• What the exercise asks: Only one stretch of the records below should be repeated. It starts with the line containing "Express printed wrap" and goes on through the line containing "Burberry’s Vintage 2", exactly as written.

== Segment start ==

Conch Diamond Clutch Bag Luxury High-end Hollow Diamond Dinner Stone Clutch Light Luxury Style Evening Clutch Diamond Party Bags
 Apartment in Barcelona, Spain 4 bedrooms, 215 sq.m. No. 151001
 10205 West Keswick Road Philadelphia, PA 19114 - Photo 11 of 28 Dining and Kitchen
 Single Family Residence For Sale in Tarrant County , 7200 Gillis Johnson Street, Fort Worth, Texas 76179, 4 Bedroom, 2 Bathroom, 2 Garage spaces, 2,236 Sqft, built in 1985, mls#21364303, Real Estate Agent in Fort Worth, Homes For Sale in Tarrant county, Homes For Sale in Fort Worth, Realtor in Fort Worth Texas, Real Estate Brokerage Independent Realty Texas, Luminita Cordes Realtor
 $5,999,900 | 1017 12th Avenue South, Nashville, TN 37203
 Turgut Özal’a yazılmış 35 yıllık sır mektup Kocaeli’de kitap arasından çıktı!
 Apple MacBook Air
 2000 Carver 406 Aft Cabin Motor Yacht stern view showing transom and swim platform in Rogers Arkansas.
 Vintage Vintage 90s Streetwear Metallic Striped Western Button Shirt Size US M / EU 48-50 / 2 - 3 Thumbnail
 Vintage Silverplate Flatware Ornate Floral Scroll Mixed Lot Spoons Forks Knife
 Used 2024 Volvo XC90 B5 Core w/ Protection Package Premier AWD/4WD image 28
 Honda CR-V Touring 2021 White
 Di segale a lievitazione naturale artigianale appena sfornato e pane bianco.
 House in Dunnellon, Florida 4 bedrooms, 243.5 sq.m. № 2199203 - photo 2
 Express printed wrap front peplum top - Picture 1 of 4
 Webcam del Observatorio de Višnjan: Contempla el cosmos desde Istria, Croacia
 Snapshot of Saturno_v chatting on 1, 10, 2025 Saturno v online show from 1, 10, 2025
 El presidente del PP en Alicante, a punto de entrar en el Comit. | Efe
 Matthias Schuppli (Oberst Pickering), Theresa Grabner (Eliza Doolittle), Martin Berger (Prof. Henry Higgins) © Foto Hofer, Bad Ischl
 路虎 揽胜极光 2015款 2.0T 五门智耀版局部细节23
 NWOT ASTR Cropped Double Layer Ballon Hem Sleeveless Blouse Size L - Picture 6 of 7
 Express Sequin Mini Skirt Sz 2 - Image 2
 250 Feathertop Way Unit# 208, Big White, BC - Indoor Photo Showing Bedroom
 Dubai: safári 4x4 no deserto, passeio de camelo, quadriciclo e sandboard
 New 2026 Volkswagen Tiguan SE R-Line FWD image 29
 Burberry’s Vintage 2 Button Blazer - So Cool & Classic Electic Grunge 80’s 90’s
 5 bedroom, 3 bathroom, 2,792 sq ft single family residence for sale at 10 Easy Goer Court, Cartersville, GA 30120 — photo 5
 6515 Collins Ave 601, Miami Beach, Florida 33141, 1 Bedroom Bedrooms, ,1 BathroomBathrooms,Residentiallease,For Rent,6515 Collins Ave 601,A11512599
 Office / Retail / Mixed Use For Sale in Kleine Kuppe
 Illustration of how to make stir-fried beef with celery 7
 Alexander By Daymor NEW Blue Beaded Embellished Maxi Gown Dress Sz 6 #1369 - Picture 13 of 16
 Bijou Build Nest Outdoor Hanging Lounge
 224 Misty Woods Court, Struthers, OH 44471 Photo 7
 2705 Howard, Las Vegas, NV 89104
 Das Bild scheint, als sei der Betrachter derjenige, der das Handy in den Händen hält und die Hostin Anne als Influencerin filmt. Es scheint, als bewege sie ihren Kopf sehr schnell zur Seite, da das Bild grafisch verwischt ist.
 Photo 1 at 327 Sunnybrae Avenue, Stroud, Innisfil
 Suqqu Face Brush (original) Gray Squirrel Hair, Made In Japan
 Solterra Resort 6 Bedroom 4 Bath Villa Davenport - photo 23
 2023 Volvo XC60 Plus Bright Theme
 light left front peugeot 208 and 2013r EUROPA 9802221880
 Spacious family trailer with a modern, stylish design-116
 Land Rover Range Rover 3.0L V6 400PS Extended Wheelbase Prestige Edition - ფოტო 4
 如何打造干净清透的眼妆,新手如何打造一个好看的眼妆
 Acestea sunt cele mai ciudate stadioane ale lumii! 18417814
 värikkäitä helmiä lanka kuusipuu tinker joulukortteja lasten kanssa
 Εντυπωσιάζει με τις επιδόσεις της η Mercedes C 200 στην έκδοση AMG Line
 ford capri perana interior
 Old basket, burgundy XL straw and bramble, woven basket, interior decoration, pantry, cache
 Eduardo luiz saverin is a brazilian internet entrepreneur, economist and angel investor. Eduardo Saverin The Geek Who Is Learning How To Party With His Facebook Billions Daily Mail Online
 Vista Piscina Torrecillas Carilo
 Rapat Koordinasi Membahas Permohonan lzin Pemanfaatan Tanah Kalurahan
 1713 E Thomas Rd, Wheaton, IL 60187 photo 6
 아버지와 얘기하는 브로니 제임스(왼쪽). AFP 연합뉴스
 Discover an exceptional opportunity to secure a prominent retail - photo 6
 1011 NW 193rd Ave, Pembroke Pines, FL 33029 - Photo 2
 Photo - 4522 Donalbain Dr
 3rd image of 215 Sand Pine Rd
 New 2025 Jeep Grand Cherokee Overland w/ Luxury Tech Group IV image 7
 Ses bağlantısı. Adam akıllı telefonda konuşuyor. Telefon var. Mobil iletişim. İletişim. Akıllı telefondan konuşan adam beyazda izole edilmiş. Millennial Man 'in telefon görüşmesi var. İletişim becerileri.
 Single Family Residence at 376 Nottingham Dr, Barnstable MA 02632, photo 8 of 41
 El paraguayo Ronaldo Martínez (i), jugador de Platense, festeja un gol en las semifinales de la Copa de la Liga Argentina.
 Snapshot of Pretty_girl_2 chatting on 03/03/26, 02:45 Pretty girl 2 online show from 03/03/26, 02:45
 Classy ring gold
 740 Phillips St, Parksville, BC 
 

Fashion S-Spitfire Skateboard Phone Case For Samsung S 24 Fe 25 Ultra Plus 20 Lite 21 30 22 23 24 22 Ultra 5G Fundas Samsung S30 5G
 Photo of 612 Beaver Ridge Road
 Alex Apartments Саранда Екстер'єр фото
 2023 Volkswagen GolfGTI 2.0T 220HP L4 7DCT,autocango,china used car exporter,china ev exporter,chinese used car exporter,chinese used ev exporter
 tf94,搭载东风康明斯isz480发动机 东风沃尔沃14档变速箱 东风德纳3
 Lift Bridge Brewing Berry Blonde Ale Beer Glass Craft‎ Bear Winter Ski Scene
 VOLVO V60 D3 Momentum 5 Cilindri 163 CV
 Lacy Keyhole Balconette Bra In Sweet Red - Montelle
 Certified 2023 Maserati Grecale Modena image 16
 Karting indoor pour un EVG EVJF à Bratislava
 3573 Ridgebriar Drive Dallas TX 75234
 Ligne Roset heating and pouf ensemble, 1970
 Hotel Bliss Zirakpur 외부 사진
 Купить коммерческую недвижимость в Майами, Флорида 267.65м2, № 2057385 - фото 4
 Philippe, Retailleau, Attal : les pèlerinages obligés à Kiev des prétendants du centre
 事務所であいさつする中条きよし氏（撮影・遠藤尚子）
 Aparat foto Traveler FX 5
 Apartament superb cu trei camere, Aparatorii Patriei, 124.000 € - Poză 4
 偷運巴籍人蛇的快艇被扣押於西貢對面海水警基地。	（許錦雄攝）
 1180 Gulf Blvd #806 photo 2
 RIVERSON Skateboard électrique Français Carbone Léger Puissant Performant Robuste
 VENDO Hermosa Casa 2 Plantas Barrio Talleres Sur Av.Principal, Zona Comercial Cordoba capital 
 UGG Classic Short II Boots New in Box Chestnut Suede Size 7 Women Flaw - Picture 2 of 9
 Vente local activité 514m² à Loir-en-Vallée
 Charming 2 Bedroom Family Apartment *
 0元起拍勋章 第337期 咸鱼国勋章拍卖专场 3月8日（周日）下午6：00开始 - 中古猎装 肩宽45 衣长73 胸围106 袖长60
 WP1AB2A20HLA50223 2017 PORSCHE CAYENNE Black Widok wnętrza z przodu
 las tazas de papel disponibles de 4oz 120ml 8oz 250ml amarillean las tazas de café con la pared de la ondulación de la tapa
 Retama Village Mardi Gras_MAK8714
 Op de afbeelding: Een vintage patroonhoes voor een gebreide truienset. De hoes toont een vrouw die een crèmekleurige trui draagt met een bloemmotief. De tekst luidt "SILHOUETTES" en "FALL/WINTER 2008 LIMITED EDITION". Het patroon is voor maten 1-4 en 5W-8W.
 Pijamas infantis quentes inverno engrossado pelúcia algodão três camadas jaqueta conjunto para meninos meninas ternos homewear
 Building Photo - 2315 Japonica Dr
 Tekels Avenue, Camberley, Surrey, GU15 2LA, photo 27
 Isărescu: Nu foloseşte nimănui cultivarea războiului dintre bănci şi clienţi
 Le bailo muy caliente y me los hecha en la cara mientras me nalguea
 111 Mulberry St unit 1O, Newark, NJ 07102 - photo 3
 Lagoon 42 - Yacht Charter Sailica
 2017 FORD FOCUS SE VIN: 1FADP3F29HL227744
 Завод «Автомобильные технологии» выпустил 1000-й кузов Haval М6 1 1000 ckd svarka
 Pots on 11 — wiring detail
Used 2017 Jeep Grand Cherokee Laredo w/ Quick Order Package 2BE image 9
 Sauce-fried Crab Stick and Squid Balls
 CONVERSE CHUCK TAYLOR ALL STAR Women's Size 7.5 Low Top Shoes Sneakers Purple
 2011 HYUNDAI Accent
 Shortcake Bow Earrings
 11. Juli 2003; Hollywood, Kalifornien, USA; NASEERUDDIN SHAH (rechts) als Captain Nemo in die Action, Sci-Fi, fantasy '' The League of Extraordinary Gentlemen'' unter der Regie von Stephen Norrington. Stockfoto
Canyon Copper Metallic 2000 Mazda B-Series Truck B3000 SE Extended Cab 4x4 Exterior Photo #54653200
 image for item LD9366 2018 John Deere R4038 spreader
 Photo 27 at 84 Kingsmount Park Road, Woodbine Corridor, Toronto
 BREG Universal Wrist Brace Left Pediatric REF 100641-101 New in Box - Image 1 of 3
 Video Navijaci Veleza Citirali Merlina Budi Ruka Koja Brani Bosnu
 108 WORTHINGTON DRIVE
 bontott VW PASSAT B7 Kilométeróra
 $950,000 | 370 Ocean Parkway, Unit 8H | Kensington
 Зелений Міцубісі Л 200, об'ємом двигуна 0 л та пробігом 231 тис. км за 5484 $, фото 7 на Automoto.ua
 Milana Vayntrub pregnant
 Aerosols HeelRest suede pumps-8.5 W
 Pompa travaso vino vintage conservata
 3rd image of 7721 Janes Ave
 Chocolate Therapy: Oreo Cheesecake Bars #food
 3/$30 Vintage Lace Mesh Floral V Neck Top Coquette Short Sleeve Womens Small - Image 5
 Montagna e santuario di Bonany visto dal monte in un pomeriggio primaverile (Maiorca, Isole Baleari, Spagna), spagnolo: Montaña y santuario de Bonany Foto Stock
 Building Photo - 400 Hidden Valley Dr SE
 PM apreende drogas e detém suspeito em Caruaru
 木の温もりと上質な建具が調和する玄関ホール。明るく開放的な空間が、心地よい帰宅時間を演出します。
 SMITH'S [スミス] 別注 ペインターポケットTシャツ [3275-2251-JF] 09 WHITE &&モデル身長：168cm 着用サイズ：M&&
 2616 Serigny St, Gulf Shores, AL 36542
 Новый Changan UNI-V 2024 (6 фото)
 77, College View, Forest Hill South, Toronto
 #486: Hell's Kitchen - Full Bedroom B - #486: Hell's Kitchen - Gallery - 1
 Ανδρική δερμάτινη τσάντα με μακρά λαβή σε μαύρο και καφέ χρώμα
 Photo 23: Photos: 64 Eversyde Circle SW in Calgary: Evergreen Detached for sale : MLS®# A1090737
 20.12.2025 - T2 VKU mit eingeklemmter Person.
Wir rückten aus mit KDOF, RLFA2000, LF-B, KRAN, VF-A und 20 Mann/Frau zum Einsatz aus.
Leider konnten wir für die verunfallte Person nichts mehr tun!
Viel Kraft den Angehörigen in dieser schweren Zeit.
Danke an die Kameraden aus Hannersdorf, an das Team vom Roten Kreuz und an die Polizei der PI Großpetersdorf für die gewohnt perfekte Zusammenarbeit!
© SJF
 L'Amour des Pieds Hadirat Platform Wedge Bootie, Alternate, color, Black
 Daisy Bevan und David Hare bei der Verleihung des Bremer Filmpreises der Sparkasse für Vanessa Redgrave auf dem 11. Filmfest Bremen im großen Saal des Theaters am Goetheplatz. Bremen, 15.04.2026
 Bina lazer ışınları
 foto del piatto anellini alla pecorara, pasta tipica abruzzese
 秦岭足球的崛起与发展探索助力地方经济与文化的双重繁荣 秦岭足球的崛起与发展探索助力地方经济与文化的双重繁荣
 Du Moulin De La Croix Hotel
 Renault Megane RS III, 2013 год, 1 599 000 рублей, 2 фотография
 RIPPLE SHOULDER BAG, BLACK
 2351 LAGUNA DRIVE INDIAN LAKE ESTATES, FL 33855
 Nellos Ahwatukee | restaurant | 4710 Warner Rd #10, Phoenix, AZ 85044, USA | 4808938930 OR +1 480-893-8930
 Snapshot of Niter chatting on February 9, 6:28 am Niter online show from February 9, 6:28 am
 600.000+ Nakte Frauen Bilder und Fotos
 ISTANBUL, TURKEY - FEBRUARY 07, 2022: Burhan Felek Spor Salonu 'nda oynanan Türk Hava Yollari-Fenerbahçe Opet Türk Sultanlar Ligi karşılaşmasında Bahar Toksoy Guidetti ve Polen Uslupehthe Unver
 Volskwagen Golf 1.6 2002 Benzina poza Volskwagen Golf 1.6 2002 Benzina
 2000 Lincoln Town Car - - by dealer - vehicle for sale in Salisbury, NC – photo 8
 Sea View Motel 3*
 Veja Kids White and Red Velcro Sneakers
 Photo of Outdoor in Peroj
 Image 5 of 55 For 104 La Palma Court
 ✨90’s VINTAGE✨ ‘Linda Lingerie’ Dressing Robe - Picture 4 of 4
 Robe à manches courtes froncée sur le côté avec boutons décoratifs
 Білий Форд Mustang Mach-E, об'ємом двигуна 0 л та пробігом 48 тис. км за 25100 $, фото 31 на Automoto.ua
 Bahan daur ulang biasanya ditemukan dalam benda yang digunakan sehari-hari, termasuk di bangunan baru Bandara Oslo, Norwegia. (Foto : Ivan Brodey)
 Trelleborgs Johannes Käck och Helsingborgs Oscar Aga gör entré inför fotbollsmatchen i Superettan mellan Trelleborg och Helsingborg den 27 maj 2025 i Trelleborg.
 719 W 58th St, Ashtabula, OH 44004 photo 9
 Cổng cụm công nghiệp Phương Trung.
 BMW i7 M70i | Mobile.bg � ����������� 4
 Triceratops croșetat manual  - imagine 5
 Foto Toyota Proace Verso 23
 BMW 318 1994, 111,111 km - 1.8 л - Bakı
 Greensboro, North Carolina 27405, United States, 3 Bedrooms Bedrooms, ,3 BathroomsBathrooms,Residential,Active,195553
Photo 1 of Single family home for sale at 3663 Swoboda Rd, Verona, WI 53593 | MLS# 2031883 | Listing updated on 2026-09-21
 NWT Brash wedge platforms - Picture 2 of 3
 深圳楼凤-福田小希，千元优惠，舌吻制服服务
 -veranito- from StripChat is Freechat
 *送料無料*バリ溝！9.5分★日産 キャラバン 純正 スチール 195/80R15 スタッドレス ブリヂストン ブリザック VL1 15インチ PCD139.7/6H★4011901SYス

== Segment end ==

• Answer to this problem:
 Express printed wrap front peplum top - Picture 1 of 4
 Webcam del Observatorio de Višnjan: Contempla el cosmos desde Istria, Croacia
 Snapshot of Saturno_v chatting on 1, 10, 2025 Saturno v online show from 1, 10, 2025
 El presidente del PP en Alicante, a punto de entrar en el Comit. | Efe
 Matthias Schuppli (Oberst Pickering), Theresa Grabner (Eliza Doolittle), Martin Berger (Prof. Henry Higgins) © Foto Hofer, Bad Ischl
 路虎 揽胜极光 2015款 2.0T 五门智耀版局部细节23
 NWOT ASTR Cropped Double Layer Ballon Hem Sleeveless Blouse Size L - Picture 6 of 7
 Express Sequin Mini Skirt Sz 2 - Image 2
 250 Feathertop Way Unit# 208, Big White, BC - Indoor Photo Showing Bedroom
 Dubai: safári 4x4 no deserto, passeio de camelo, quadriciclo e sandboard
 New 2026 Volkswagen Tiguan SE R-Line FWD image 29
 Burberry’s Vintage 2 Button Blazer - So Cool & Classic Electic Grunge 80’s 90’s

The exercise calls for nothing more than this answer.